Based on the TCGA database, we investigated the expression of LAG3 in 33 cancers. We noticed that LAG3 was upregulated in most cancers, including BRCA, ESCA, GBM, HNSC, KIRC, LUAD, LURC, PCPG and STAD. Conversely, LAG3 was downregulated in COAD, KICH, LIHC, PRAD, READ, THCA and UCEC. Meanwhile, GEPIA2 database proved that in ACC, KIRC, COAD and OV, LAG3 expression was consistent with the pathological stage of patients. Then, Kaplan–Meier plotter showed that OV and UCEC patients with high LAG3 expression had better OS and RFS, while KIRC patients with high LAG3 expression had worse prognosis. These results suggest that the aberrantly expressed LAG3 could be a potential predictor for the prognosis of UCEC and OV cancer patients, and can assist in clinic pathological staging.

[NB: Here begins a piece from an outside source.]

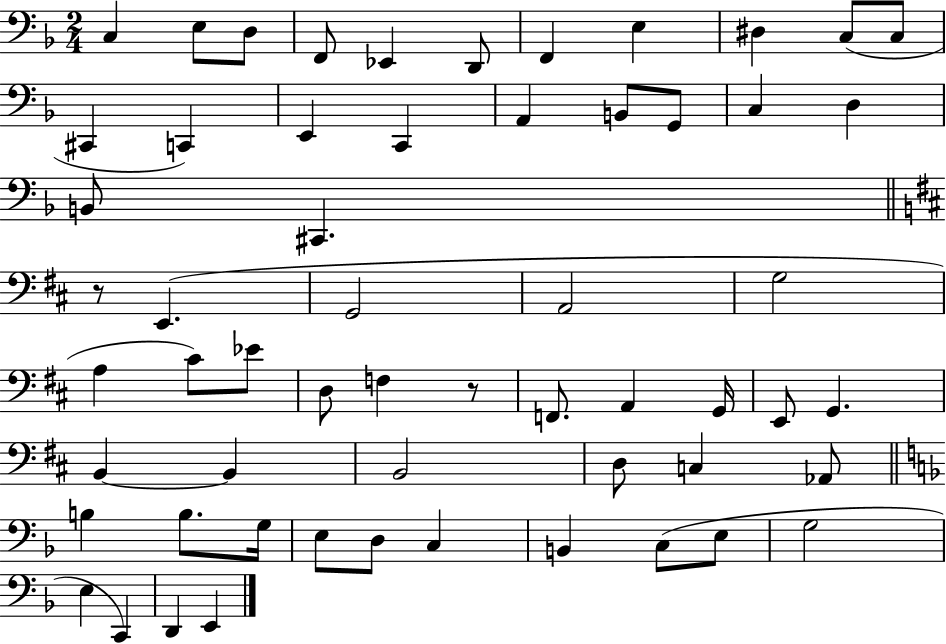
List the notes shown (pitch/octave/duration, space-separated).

C3/q E3/e D3/e F2/e Eb2/q D2/e F2/q E3/q D#3/q C3/e C3/e C#2/q C2/q E2/q C2/q A2/q B2/e G2/e C3/q D3/q B2/e C#2/q. R/e E2/q. G2/h A2/h G3/h A3/q C#4/e Eb4/e D3/e F3/q R/e F2/e. A2/q G2/s E2/e G2/q. B2/q B2/q B2/h D3/e C3/q Ab2/e B3/q B3/e. G3/s E3/e D3/e C3/q B2/q C3/e E3/e G3/h E3/q C2/q D2/q E2/q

In addition, we also proved that the expression of LAG3 was significantly related with immune cell infiltration, including macrophage, CD8 + T cells, B cells, DCs, macrophage and NK cells. In earlier studies, LAG3 was a negative regulator of T cell activation and function [20]. Blocking the effect of LAG3 on human CD4 clones leads to increased production of IL-2, IL-4, IFN-γ, and TNF-α [21]. In mouse models of ovarian cancer, co-blocking LAG3 and PD-1 expressed on CD4 + and CD8 + TILs induces enhanced anti-tumor response [6]. Recent studies have shown that the combination of T cell checkpoint 41BB agonist and LAG3 antagonist could improve the anti-tumor immunity in pancreatic cancer [11]. Increased expression of LAG3 driven by IL6 led to decreased function of peripheral CD8 + T cells and reduced tumor therapeutic resistance [22]. Other studies also confirmed the regulatory roles of highly expressed LAG3 in the tumor infiltration of immune cells, including T cells, B cells, NK cells and DCs [23]. These results suggested the significant regulatory roles of LAG3 in the regulation of immune response.

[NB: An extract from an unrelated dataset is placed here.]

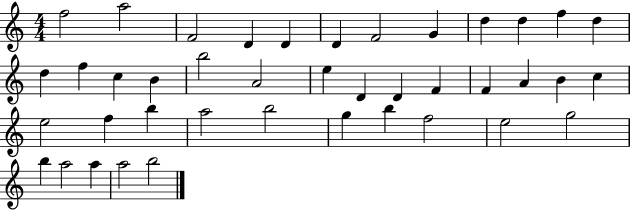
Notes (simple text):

F5/h A5/h F4/h D4/q D4/q D4/q F4/h G4/q D5/q D5/q F5/q D5/q D5/q F5/q C5/q B4/q B5/h A4/h E5/q D4/q D4/q F4/q F4/q A4/q B4/q C5/q E5/h F5/q B5/q A5/h B5/h G5/q B5/q F5/h E5/h G5/h B5/q A5/h A5/q A5/h B5/h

Recent studies showed that high expression of LAG3 predicts a poor prognosis in patients due to its promotion of immune escape [24]. However, in SKCM, high expression of LAG3 suggests a favorable prognosis. These positive effects may be attributed to LAG3-mediated hyperactivation of immune system in SKCM [25, 26]. The discovery highlights the potential of LAG3 as a biomarker for assessing the immune system status in patients with SKCM, thereby offering valuable insights for its therapeutic management.

Conclusions

In conclusion, this is the first extensive research about the expression profiles, prognostic values, and functional significance of LAG3 in human pan-cancers. We demonstrate that LAG3 may be a novel prognostic marker for OV and UCEC. In addition, LAG3 expression could be associated with the tumor-infiltrating immune cells and might be an underlying predictive biomarker for cancer immunotherapeutic response. These results proved that LAG3 was closely related to tumor pathogenesis and immune response.